ACTIVITY
Copy all of the records below verbatim.

+ + + +

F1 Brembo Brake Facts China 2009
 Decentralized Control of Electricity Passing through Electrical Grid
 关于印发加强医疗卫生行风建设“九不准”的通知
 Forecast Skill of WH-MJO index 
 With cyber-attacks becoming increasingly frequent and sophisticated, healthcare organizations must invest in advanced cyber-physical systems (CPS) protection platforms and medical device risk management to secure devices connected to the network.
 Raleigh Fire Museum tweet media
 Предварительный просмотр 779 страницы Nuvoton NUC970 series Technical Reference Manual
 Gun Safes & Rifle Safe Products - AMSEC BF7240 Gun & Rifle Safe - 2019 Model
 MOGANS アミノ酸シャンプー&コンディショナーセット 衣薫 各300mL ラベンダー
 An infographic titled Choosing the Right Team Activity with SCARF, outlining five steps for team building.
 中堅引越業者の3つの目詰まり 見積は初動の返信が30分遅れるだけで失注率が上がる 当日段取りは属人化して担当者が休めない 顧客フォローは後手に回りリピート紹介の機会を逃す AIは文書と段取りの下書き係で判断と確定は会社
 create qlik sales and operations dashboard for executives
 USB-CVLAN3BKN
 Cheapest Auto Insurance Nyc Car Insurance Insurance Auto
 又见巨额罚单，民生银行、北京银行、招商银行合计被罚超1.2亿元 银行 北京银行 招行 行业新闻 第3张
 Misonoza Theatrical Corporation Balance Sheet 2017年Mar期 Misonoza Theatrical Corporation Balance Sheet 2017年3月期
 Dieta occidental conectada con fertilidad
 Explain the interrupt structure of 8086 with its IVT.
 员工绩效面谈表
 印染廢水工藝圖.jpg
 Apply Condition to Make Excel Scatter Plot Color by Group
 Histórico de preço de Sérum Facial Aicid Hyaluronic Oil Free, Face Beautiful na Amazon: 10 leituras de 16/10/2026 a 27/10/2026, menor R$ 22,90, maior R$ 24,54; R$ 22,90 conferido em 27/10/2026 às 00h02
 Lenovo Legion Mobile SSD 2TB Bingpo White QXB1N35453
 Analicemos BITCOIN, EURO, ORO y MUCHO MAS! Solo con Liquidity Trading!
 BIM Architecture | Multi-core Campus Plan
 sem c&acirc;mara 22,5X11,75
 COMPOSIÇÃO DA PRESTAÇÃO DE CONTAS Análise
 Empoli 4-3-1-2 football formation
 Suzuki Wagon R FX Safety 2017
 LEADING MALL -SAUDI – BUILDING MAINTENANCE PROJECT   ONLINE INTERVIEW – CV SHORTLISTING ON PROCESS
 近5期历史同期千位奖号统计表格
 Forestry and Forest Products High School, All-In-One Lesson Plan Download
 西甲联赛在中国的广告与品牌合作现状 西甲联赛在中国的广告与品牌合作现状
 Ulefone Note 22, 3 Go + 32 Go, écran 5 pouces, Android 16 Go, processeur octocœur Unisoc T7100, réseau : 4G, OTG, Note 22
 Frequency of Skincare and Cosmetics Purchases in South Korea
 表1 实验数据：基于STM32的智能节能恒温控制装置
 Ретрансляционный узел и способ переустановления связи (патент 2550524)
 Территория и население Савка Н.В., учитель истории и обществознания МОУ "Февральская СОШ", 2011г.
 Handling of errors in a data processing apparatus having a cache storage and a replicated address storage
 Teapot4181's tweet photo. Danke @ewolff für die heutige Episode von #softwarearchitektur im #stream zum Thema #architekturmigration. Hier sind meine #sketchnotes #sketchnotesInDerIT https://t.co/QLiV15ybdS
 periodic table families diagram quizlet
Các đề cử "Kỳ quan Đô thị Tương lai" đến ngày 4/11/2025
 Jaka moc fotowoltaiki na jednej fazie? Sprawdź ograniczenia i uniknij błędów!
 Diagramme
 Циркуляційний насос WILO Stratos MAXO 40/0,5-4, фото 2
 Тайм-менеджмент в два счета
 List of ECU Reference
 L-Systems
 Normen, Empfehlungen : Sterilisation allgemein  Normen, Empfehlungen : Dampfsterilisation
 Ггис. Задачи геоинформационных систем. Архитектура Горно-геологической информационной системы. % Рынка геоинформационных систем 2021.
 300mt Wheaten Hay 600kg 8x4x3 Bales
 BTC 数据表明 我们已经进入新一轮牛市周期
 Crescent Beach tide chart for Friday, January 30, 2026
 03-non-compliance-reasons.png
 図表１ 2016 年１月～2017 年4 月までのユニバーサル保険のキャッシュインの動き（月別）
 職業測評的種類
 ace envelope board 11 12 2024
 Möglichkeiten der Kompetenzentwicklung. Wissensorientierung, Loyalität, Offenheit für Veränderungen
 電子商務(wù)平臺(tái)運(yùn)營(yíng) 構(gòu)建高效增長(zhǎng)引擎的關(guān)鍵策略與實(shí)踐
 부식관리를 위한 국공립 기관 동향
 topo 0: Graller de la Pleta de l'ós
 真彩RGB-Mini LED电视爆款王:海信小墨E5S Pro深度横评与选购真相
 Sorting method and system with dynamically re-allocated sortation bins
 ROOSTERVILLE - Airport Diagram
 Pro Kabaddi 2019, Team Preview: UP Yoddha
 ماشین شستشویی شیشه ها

+ + + +

ANSWER FOR THIS EXERCISE
F1 Brembo Brake Facts China 2009
 Decentralized Control of Electricity Passing through Electrical Grid
 关于印发加强医疗卫生行风建设“九不准”的通知
 Forecast Skill of WH-MJO index 
 With cyber-attacks becoming increasingly frequent and sophisticated, healthcare organizations must invest in advanced cyber-physical systems (CPS) protection platforms and medical device risk management to secure devices connected to the network.
 Raleigh Fire Museum tweet media
 Предварительный просмотр 779 страницы Nuvoton NUC970 series Technical Reference Manual
 Gun Safes & Rifle Safe Products - AMSEC BF7240 Gun & Rifle Safe - 2019 Model
 MOGANS アミノ酸シャンプー&コンディショナーセット 衣薫 各300mL ラベンダー
 An infographic titled Choosing the Right Team Activity with SCARF, outlining five steps for team building.
 中堅引越業者の3つの目詰まり 見積は初動の返信が30分遅れるだけで失注率が上がる 当日段取りは属人化して担当者が休めない 顧客フォローは後手に回りリピート紹介の機会を逃す AIは文書と段取りの下書き係で判断と確定は会社
 create qlik sales and operations dashboard for executives
 USB-CVLAN3BKN
 Cheapest Auto Insurance Nyc Car Insurance Insurance Auto
 又见巨额罚单，民生银行、北京银行、招商银行合计被罚超1.2亿元 银行 北京银行 招行 行业新闻 第3张
 Misonoza Theatrical Corporation Balance Sheet 2017年Mar期 Misonoza Theatrical Corporation Balance Sheet 2017年3月期
 Dieta occidental conectada con fertilidad
 Explain the interrupt structure of 8086 with its IVT.
 员工绩效面谈表
 印染廢水工藝圖.jpg
 Apply Condition to Make Excel Scatter Plot Color by Group
 Histórico de preço de Sérum Facial Aicid Hyaluronic Oil Free, Face Beautiful na Amazon: 10 leituras de 16/10/2026 a 27/10/2026, menor R$ 22,90, maior R$ 24,54; R$ 22,90 conferido em 27/10/2026 às 00h02
 Lenovo Legion Mobile SSD 2TB Bingpo White QXB1N35453
 Analicemos BITCOIN, EURO, ORO y MUCHO MAS! Solo con Liquidity Trading!
 BIM Architecture | Multi-core Campus Plan
 sem c&acirc;mara 22,5X11,75
 COMPOSIÇÃO DA PRESTAÇÃO DE CONTAS Análise
 Empoli 4-3-1-2 football formation
 Suzuki Wagon R FX Safety 2017
 LEADING MALL -SAUDI – BUILDING MAINTENANCE PROJECT   ONLINE INTERVIEW – CV SHORTLISTING ON PROCESS
 近5期历史同期千位奖号统计表格
 Forestry and Forest Products High School, All-In-One Lesson Plan Download
 西甲联赛在中国的广告与品牌合作现状 西甲联赛在中国的广告与品牌合作现状
 Ulefone Note 22, 3 Go + 32 Go, écran 5 pouces, Android 16 Go, processeur octocœur Unisoc T7100, réseau : 4G, OTG, Note 22
 Frequency of Skincare and Cosmetics Purchases in South Korea
 表1 实验数据：基于STM32的智能节能恒温控制装置
 Ретрансляционный узел и способ переустановления связи (патент 2550524)
 Территория и население Савка Н.В., учитель истории и обществознания МОУ "Февральская СОШ", 2011г.
 Handling of errors in a data processing apparatus having a cache storage and a replicated address storage
 Teapot4181's tweet photo. Danke @ewolff für die heutige Episode von #softwarearchitektur im #stream zum Thema #architekturmigration. Hier sind meine #sketchnotes #sketchnotesInDerIT https://t.co/QLiV15ybdS
 periodic table families diagram quizlet
Các đề cử "Kỳ quan Đô thị Tương lai" đến ngày 4/11/2025
 Jaka moc fotowoltaiki na jednej fazie? Sprawdź ograniczenia i uniknij błędów!
 Diagramme
 Циркуляційний насос WILO Stratos MAXO 40/0,5-4, фото 2
 Тайм-менеджмент в два счета
 List of ECU Reference
 L-Systems
 Normen, Empfehlungen : Sterilisation allgemein  Normen, Empfehlungen : Dampfsterilisation
 Ггис. Задачи геоинформационных систем. Архитектура Горно-геологической информационной системы. % Рынка геоинформационных систем 2021.
 300mt Wheaten Hay 600kg 8x4x3 Bales
 BTC 数据表明 我们已经进入新一轮牛市周期
 Crescent Beach tide chart for Friday, January 30, 2026
 03-non-compliance-reasons.png
 図表１ 2016 年１月～2017 年4 月までのユニバーサル保険のキャッシュインの動き（月別）
 職業測評的種類
 ace envelope board 11 12 2024
 Möglichkeiten der Kompetenzentwicklung. Wissensorientierung, Loyalität, Offenheit für Veränderungen
 電子商務(wù)平臺(tái)運(yùn)營(yíng) 構(gòu)建高效增長(zhǎng)引擎的關(guān)鍵策略與實(shí)踐
 부식관리를 위한 국공립 기관 동향
 topo 0: Graller de la Pleta de l'ós
 真彩RGB-Mini LED电视爆款王:海信小墨E5S Pro深度横评与选购真相
 Sorting method and system with dynamically re-allocated sortation bins
 ROOSTERVILLE - Airport Diagram
 Pro Kabaddi 2019, Team Preview: UP Yoddha
 ماشین شستشویی شیشه ها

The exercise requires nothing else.